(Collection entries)
────────────────────────────────────────
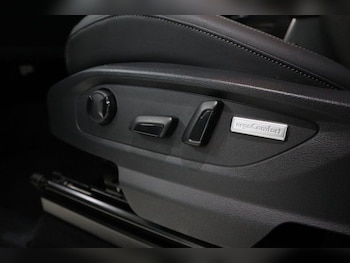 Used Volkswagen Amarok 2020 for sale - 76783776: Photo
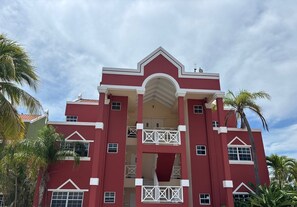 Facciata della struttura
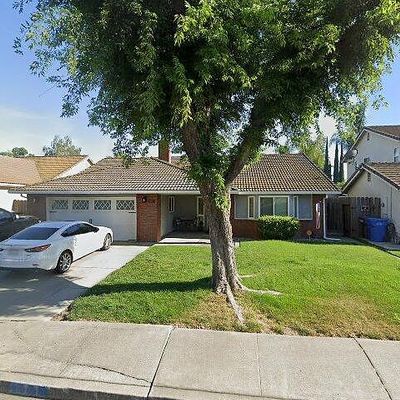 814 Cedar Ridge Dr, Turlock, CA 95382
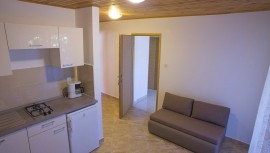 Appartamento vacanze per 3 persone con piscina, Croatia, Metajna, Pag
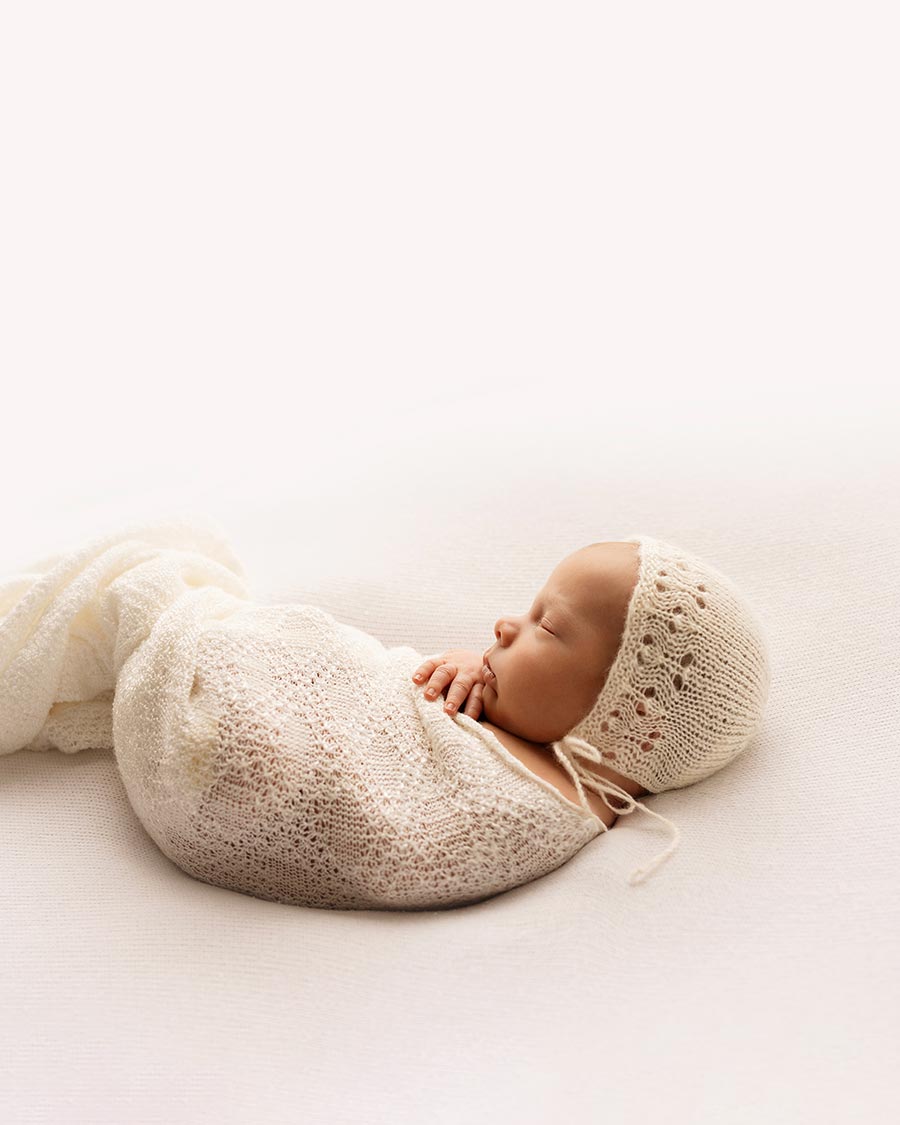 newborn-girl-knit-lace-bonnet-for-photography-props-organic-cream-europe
────────────────────────────────────────
> **Requirement**
Transcribe the entries above word for word, but leave every picture out of your copy.

> **Task output**
 Used Volkswagen Amarok 2020 for sale - 76783776: Photo
 Facciata della struttura
 814 Cedar Ridge Dr, Turlock, CA 95382
 Appartamento vacanze per 3 persone con piscina, Croatia, Metajna, Pag
 newborn-girl-knit-lace-bonnet-for-photography-props-organic-cream-europe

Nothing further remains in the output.